### Task statement
Would you copy only the lines below, from the one containing "Casio MTP-1302PD-3AVEF Green" through the very last one, leaving the pictures out?

### Supplied material
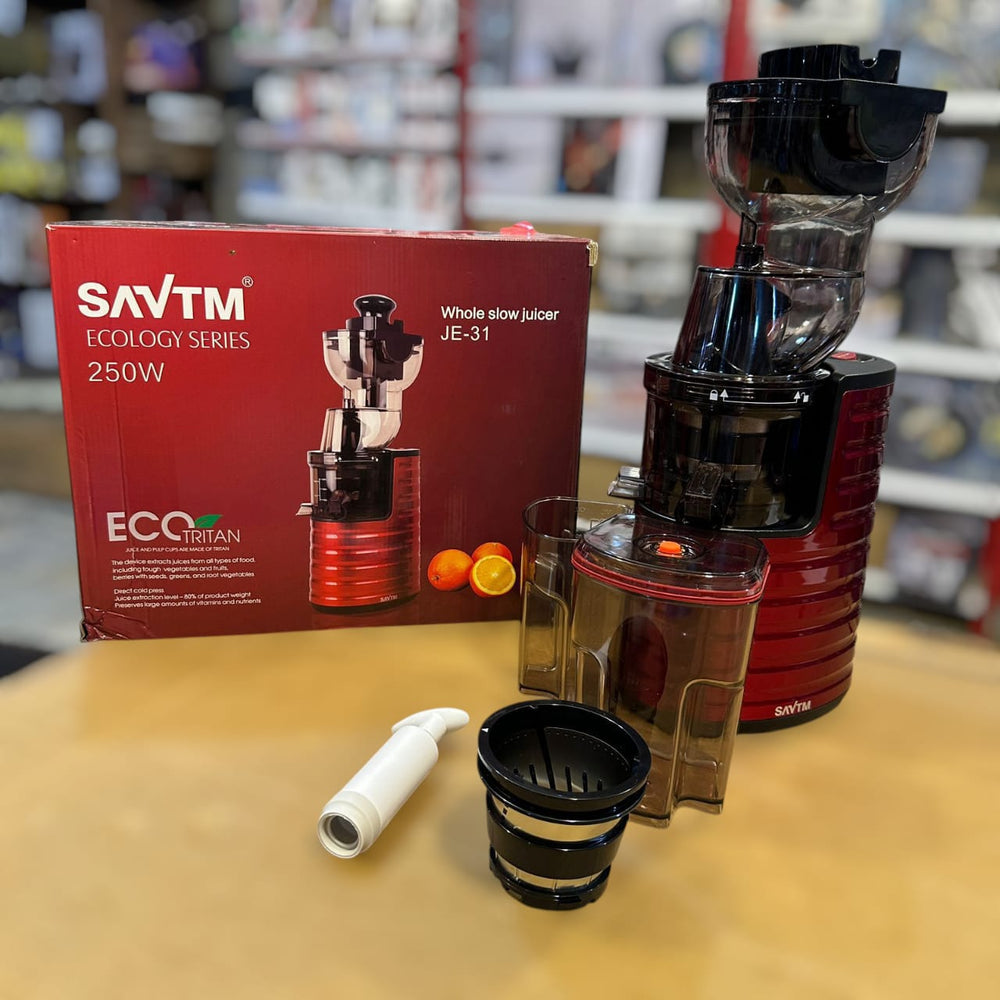 Savtm Wide Mouth Cold Press Slow Juicer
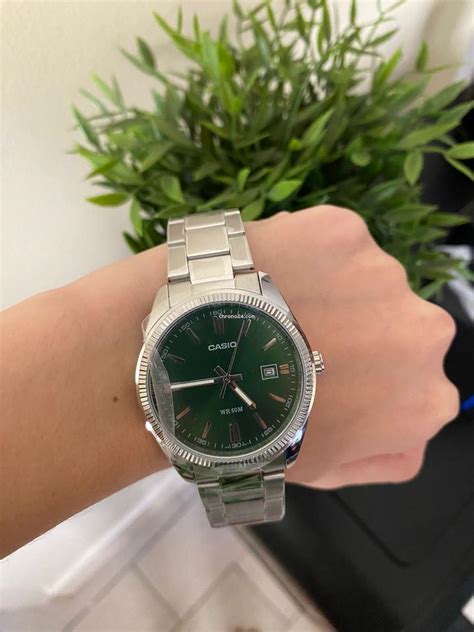 Casio MTP-1302PD-3AVEF Green for $78 for sale from a Private Seller on ...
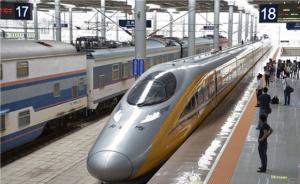 西安與蘭州間將實現(xiàn)動車“公交化”，平均發(fā)車間隔不到半小時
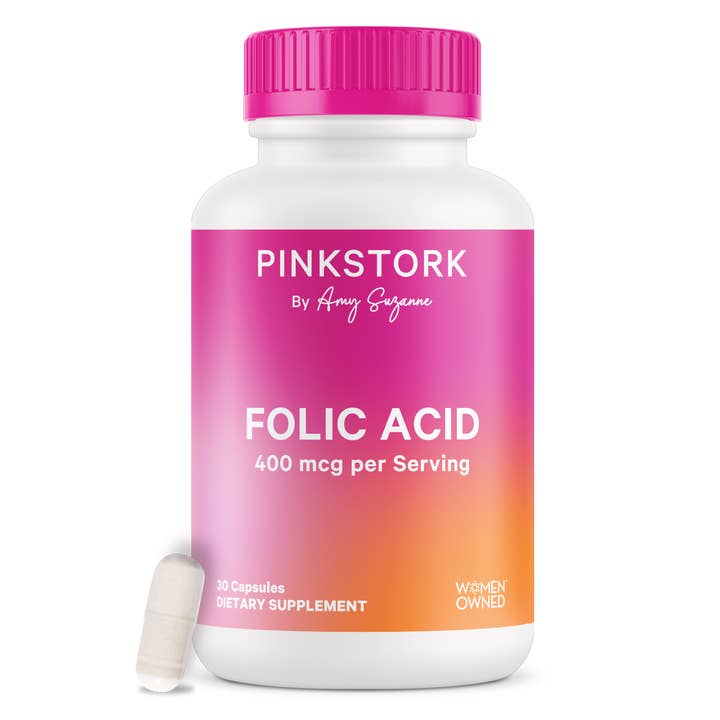 Pink Stork - Wholesale Oral Supplement/Vitamin - Folic Acid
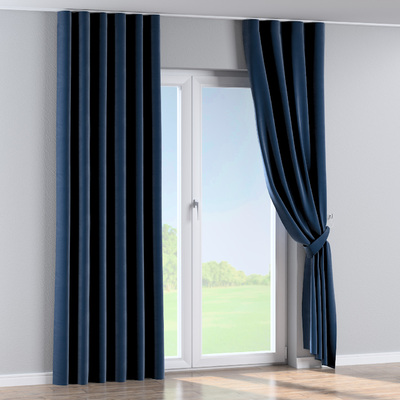 Verho laskosnauhalla WAVE 1 szt. mallistosta Velvet, Kangas: 704-29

### Answer box
 Casio MTP-1302PD-3AVEF Green for $78 for sale from a Private Seller on ...
 西安與蘭州間將實現(xiàn)動車“公交化”，平均發(fā)車間隔不到半小時
 Pink Stork - Wholesale Oral Supplement/Vitamin - Folic Acid
 Verho laskosnauhalla WAVE 1 szt. mallistosta Velvet, Kangas: 704-29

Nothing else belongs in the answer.